[Records from a collection]
══════

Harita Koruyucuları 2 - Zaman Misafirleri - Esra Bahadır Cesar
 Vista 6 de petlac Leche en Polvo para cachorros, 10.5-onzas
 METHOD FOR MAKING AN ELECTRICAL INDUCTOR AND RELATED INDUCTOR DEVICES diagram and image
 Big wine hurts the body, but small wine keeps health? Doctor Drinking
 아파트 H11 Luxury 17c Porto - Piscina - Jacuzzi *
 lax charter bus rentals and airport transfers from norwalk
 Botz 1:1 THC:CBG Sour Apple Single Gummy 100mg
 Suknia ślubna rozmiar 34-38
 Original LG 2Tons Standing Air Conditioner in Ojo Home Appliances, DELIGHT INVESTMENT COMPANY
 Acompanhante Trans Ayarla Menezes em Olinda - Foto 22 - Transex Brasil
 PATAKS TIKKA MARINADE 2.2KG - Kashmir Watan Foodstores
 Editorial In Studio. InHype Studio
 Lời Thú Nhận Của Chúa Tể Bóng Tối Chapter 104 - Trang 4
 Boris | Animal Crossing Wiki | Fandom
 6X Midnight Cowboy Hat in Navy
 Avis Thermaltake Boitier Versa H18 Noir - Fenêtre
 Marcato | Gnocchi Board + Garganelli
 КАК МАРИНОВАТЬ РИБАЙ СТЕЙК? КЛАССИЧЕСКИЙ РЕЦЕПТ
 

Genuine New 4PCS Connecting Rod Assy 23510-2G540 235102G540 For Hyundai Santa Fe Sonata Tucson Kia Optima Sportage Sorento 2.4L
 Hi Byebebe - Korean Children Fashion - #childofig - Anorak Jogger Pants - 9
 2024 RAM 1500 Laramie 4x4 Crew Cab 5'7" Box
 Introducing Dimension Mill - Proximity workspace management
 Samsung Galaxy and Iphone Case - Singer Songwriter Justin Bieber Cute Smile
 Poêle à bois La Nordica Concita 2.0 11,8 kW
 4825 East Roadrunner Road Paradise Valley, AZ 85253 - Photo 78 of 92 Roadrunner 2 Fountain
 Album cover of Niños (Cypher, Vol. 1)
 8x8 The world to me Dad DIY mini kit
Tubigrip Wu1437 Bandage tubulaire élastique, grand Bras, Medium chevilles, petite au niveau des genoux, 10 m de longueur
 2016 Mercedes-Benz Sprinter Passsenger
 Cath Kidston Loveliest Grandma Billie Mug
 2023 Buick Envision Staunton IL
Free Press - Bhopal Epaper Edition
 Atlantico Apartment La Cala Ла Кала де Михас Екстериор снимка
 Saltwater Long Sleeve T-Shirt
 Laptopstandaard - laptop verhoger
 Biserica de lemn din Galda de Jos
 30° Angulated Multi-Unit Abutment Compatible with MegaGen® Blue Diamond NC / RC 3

══════

### Assignment:
All that is needed is the opening run of the data, given again exactly: please include every line from the first through the line with "4825 East Roadrunner", both ends kept.

### Answer below:
Harita Koruyucuları 2 - Zaman Misafirleri - Esra Bahadır Cesar
 Vista 6 de petlac Leche en Polvo para cachorros, 10.5-onzas
 METHOD FOR MAKING AN ELECTRICAL INDUCTOR AND RELATED INDUCTOR DEVICES diagram and image
 Big wine hurts the body, but small wine keeps health? Doctor Drinking
 아파트 H11 Luxury 17c Porto - Piscina - Jacuzzi *
 lax charter bus rentals and airport transfers from norwalk
 Botz 1:1 THC:CBG Sour Apple Single Gummy 100mg
 Suknia ślubna rozmiar 34-38
 Original LG 2Tons Standing Air Conditioner in Ojo Home Appliances, DELIGHT INVESTMENT COMPANY
 Acompanhante Trans Ayarla Menezes em Olinda - Foto 22 - Transex Brasil
 PATAKS TIKKA MARINADE 2.2KG - Kashmir Watan Foodstores
 Editorial In Studio. InHype Studio
 Lời Thú Nhận Của Chúa Tể Bóng Tối Chapter 104 - Trang 4
 Boris | Animal Crossing Wiki | Fandom
 6X Midnight Cowboy Hat in Navy
 Avis Thermaltake Boitier Versa H18 Noir - Fenêtre
 Marcato | Gnocchi Board + Garganelli
 КАК МАРИНОВАТЬ РИБАЙ СТЕЙК? КЛАССИЧЕСКИЙ РЕЦЕПТ
 

Genuine New 4PCS Connecting Rod Assy 23510-2G540 235102G540 For Hyundai Santa Fe Sonata Tucson Kia Optima Sportage Sorento 2.4L
 Hi Byebebe - Korean Children Fashion - #childofig - Anorak Jogger Pants - 9
 2024 RAM 1500 Laramie 4x4 Crew Cab 5'7" Box
 Introducing Dimension Mill - Proximity workspace management
 Samsung Galaxy and Iphone Case - Singer Songwriter Justin Bieber Cute Smile
 Poêle à bois La Nordica Concita 2.0 11,8 kW
 4825 East Roadrunner Road Paradise Valley, AZ 85253 - Photo 78 of 92 Roadrunner 2 Fountain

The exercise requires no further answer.